Extracted data.
=== Section Start ===

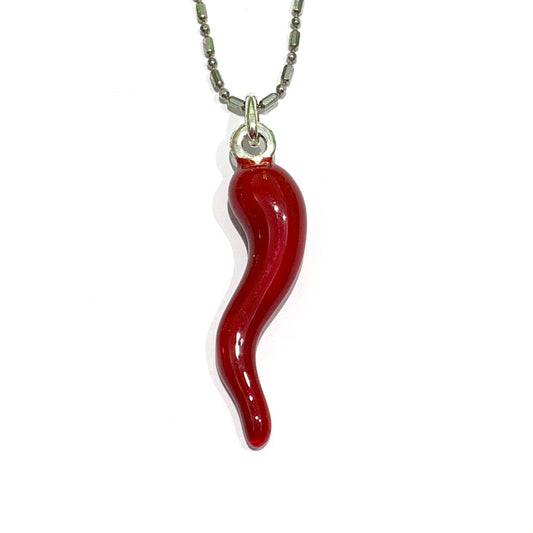 Collana in argento con cornetto rosso smaltato. Lunghezza catena 42 cm. Dimensioni ciondolo 3x0,5 cm. Spedizione gratuita con confezione regalo.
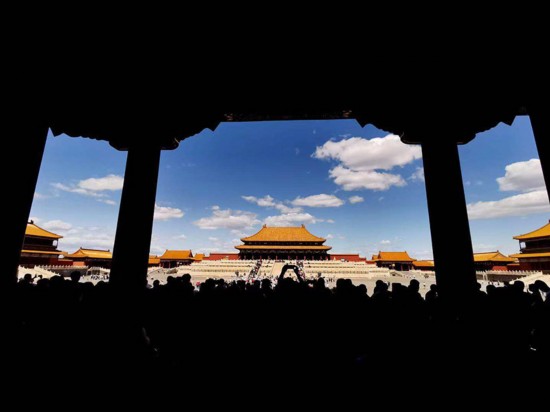 游客拍摄蓝天白云映衬下的太和殿。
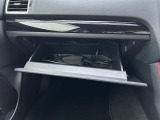 【グローブボックス】大容量のグローブボックスです!!車検証ケース他、日頃使う小物類の収納スペースもたくさんあります!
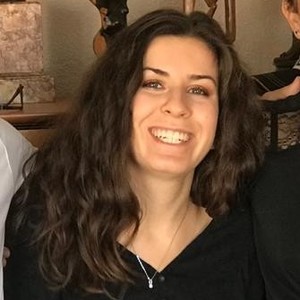 Chloé - Prof d'aide aux devoirs - Ponteilla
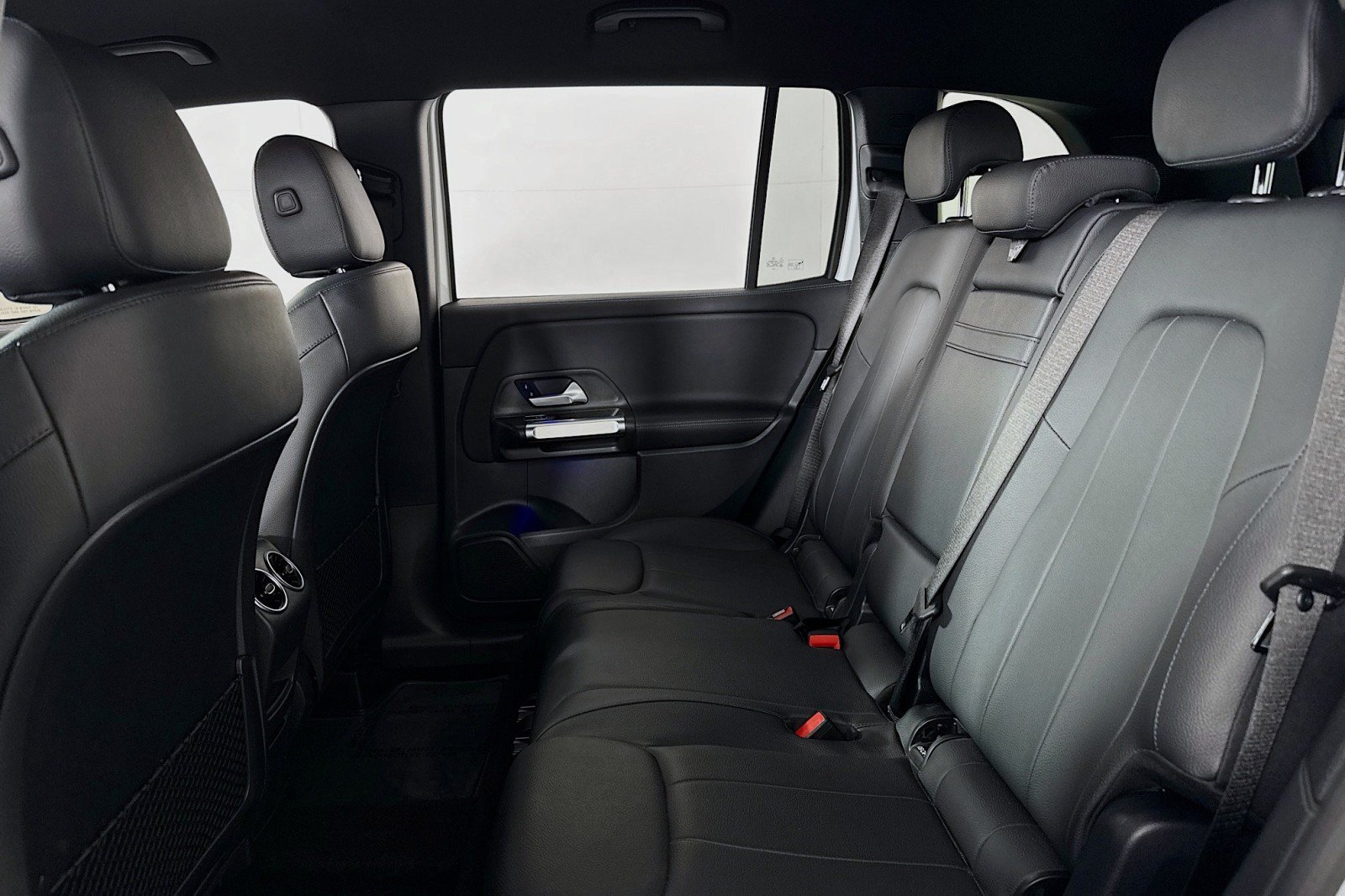 Certified 2022 Mercedes-Benz GLB 250 image 9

=== Section End ===

All lines from the one containing "Chloé - Prof d'aide aux devoirs - Ponteilla" to the last line of the records above, both included, need to be repeated word for word; omit the pictures.

 Chloé - Prof d'aide aux devoirs - Ponteilla
 Certified 2022 Mercedes-Benz GLB 250 image 9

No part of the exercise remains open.